RetriBlog: An architecture-centered framework for developing blog crawlers

https://doi.org/10.1016/j.eswa.2012.08.020Get rights and content

Abstract

Blogs have become an important social tool. It allows the users to share their tastes, express their opinions, report news, form groups related to some subject, among others. The information obtained from the blogosphere may be used to create several applications in various fields. However, due to the growing number of blogs posted every day, as well as the dynamicity of the blogosphere, the task of extracting relevant information from the blogs has become difficult and time consuming. In this paper, we use information retrieval and extraction techniques to deal with this problem. Furthermore, as blogs have many variation points is required to provide applications that can be easily adapted. Faced with this scenario, the work proposes RetriBlog, an architecture-centered framework for the development of blog crawlers. Finally, it presents an evaluation of the proposed algorithms and three case studies.

Highlights

► We developed a blog crawler using software engineering techniques. ► We create applications related to social web. ► We proposed a quantitative and qualitative evaluation.

Introduction

Web 2.0 is changing the way users interact with information (O’Reilly, 2005). It allows them to become an active part of the Web through new tools that enable the creation and content management in a collaborative manner. Among these tools the importance of blogs should be emphasized.

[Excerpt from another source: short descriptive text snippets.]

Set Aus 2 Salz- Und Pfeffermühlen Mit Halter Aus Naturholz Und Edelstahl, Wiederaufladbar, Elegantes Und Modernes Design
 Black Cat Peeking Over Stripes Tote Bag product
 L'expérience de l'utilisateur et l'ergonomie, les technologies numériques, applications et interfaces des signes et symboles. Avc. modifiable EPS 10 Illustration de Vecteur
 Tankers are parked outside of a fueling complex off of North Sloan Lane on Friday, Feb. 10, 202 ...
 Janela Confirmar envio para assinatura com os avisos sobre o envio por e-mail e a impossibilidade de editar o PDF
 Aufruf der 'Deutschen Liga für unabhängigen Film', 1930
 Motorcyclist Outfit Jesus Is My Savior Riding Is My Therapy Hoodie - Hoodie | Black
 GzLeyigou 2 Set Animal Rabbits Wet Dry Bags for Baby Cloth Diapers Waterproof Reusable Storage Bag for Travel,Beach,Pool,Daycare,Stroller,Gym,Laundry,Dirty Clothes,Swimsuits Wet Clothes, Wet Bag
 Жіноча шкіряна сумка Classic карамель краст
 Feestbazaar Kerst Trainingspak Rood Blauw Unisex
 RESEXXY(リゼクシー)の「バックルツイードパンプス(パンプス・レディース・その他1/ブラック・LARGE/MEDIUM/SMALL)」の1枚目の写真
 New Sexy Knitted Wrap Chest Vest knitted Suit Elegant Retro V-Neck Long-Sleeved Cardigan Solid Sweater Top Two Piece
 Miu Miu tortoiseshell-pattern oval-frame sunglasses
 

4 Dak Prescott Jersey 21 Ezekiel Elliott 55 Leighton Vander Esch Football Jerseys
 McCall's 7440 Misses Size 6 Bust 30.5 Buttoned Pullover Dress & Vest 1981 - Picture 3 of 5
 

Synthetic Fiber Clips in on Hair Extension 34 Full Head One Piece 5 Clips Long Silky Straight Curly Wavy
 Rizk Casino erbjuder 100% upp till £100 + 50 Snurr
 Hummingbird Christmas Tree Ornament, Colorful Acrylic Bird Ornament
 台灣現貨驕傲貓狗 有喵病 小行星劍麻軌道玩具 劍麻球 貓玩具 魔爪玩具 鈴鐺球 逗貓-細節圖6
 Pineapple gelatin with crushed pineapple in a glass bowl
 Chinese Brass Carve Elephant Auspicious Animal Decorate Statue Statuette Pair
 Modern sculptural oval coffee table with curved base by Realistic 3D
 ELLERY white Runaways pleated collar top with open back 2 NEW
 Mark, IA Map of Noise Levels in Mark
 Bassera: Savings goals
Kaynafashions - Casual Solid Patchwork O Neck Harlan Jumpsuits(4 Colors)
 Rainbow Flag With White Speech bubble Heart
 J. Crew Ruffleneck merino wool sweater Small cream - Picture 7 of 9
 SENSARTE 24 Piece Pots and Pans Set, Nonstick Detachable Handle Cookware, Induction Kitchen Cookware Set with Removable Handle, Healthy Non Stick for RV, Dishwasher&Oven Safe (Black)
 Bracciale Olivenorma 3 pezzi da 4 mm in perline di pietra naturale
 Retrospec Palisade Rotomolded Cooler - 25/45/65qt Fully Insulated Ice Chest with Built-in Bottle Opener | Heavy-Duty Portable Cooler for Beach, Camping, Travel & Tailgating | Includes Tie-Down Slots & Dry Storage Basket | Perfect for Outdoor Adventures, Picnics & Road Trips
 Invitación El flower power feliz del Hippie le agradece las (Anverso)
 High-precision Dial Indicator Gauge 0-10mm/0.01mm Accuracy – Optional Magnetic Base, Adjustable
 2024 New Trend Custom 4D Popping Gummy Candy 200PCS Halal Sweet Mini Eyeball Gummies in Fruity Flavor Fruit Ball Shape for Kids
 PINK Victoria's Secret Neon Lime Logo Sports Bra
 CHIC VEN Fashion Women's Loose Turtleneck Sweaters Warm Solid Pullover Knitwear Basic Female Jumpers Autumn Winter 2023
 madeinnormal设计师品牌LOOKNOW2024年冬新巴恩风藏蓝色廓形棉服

Blogs are proliferating on the Web, particularly due to its simplicity and popularity. Simplicity of blogs use is portrayed, e.g. by Rosenbloom (2004) pointing out that “a blogger needs only a computer, Internet access, and an opinion”. On the other hand, regarding the popularity of blogs, Blood (2004) declared that “Weblogs have become so ubiquitous that for many of us the term is synonymous with ‘personal Web site’ ”. Furthermore, according to a Technoratis report,3 the activity on the blogsphere doubles every two hundred days. This fact also highlights blogs as a very interesting tool which may be used in several areas, e.g., e-commerce and e-learning.

In addition, other companies like Blog Pulse4 and Blog Scope5 have interesting statistics. The first have more than 160 million blogs indexed and more than 60 thousand are created every day. The second indexes approximately 53 million blogs and over a trillion posts.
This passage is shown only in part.